Composite work, surfaced as a plan. Approved before it runs.
When a brief is bigger than one call, Sage's flow turns it into a graph of atomic TaskEscrow records — generated dynamically per-brief by an LLM classifier, surfaced as a structured artifact the user reviews before any on-chain spawn. The pattern is dynamic (plans aren't hardcoded workflows) and observable (decomposition is visible, not buried in agent-side context). This is Sage's angle per ADR-0008; the design lives in ADR-0007. Live at /demo/composite.
What it is
A composite task is a brief that decomposes into several atomic settlement records, each its own createTask → acceptTask → completeTask → approvePayment cycle. The flow doesn't replace the primitive — it composes on top of it.
brief → classify → plan card → approve / edit / cancel
│
↓ (only after explicit approval)
┌──── sub-task #1 ────┐ ┌──── sub-task #2 ────┐
│ createTask │ │ createTask │
│ acceptTask │ │ acceptTask │
│ completeTask │ │ completeTask │
│ approvePayment │ │ approvePayment │
└────────────────────┘ └─────────────────────┘
↓
plan settledThe user sees the full graph — sub-task types, executors, costs, dependencies, total estimated duration — before any sponsor money moves.
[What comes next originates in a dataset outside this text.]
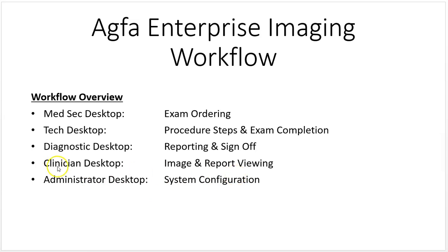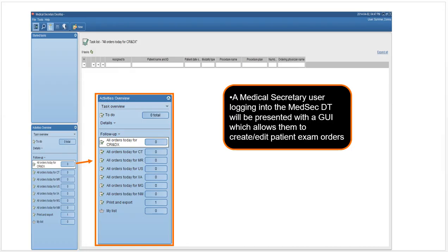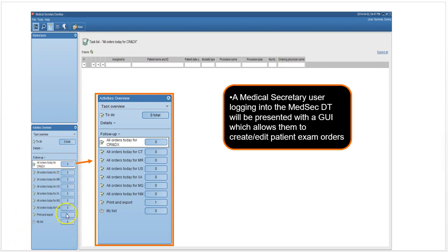This is the medical secretary desktop. Once you log in, this is what it looks like. The acquisition desktop looks very similar to this. Here you will have an activities bar where you can just click on these buttons and you'll have different activities that you need to complete based on your role.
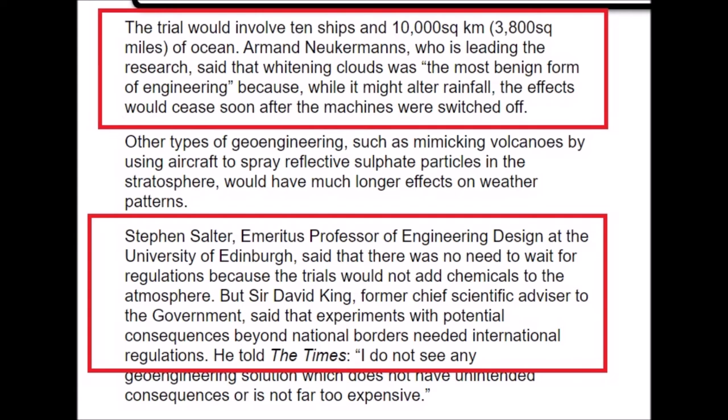Stephen Salter, Emeritus Professor of Engineering Design at the University of Edinburgh, said there was no need to wait for regulations because the trials would not add chemicals to the atmosphere. But Sir David King, former Chief Scientific Advisor to the government, said that experiments with potential consequences beyond national borders needed international regulations. So in 2010, no need to wait for regulations — and in 2021 with Scopex, it was announced they were bypassing all organisations in Sweden, including the Swedish government, to carry out their experiments. They were called out on it and found out.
Approve commits the plan. Edit splices in changes (reorder, re-assign, drop). Cancel returns the run to idle.
Why externalize the plan
The naive shape for multi-step agent work is to hand the whole brief to one agent and let it decide the steps internally. Plan generation, sub-task spawning, result aggregation — all in one LLM's context. This is the path of least implementation resistance and almost universally what platforms ship.
The cost shows up later. The decomposition exists only inside the agent's context window: no on-chain record of which sub-tasks ran, no per-step approval, no granular dispute, no indexable graph for downstream tools. When the work goes wrong, there's no surface to act on except "run the whole thing again."
Sage's bet: the decomposition is more valuable as a first-class artifact than as agent-internal state. Externalizing it means:
- Per-step verification. Each approvePayment is a discrete checkpoint — client signs off only when the result for that sub-task is acceptable. The fund-release cadence matches the work-delivery cadence.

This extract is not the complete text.